## [HOW TO COMPLETE THIS TASK]
Below this line is a listing that includes pictures. Copy exactly, and only, the lines from the one containing "Cathedral Ribbed Glass" through the one containing "VT license plate NRR789"; the pictures do not go in the copy.

## [SOURCE MATERIAL]
···

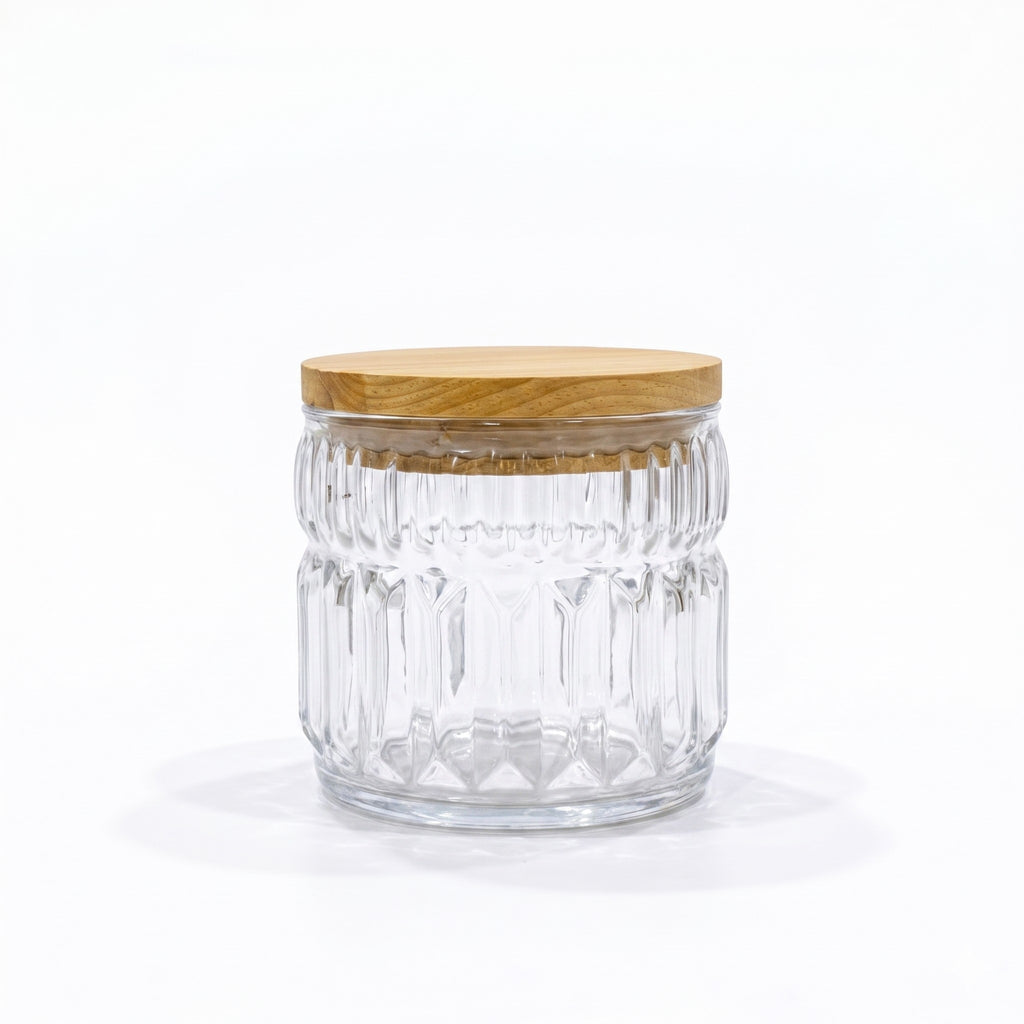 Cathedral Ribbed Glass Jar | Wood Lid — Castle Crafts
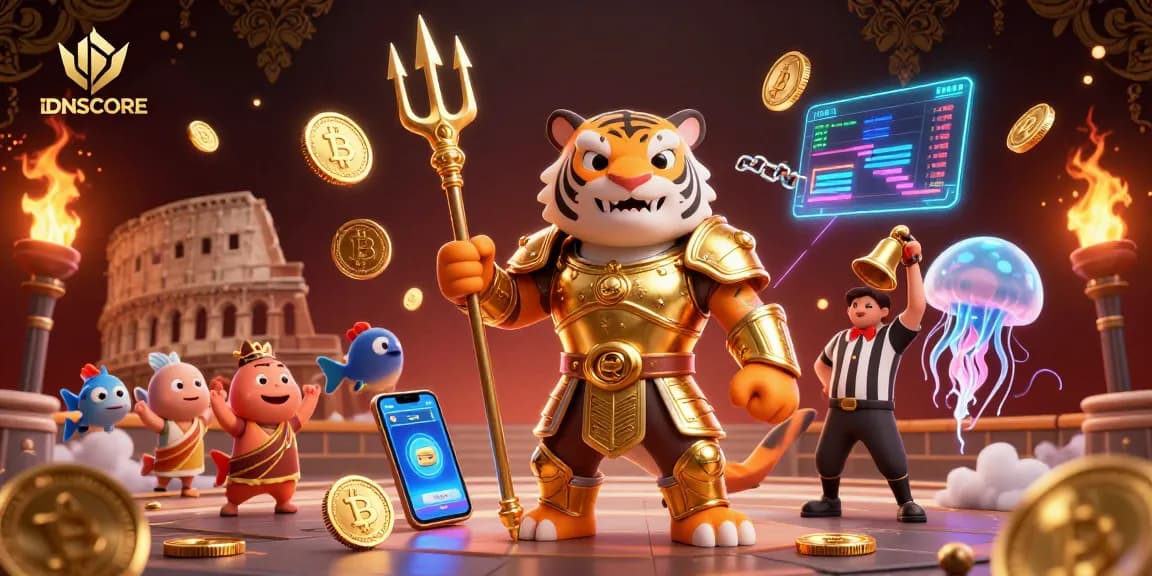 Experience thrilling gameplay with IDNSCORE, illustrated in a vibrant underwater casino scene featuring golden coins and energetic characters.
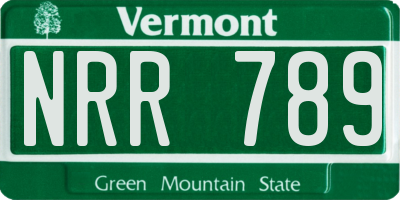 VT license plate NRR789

···

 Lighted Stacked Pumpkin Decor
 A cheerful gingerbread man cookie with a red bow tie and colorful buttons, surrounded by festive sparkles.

···

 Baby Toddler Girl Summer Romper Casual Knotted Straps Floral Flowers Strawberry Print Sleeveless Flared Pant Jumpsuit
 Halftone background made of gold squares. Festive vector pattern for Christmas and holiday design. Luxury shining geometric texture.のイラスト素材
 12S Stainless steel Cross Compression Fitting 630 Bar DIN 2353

···

## [RESULT FOR THIS EXERCISE]
 Cathedral Ribbed Glass Jar | Wood Lid — Castle Crafts
 Experience thrilling gameplay with IDNSCORE, illustrated in a vibrant underwater casino scene featuring golden coins and energetic characters.
 VT license plate NRR789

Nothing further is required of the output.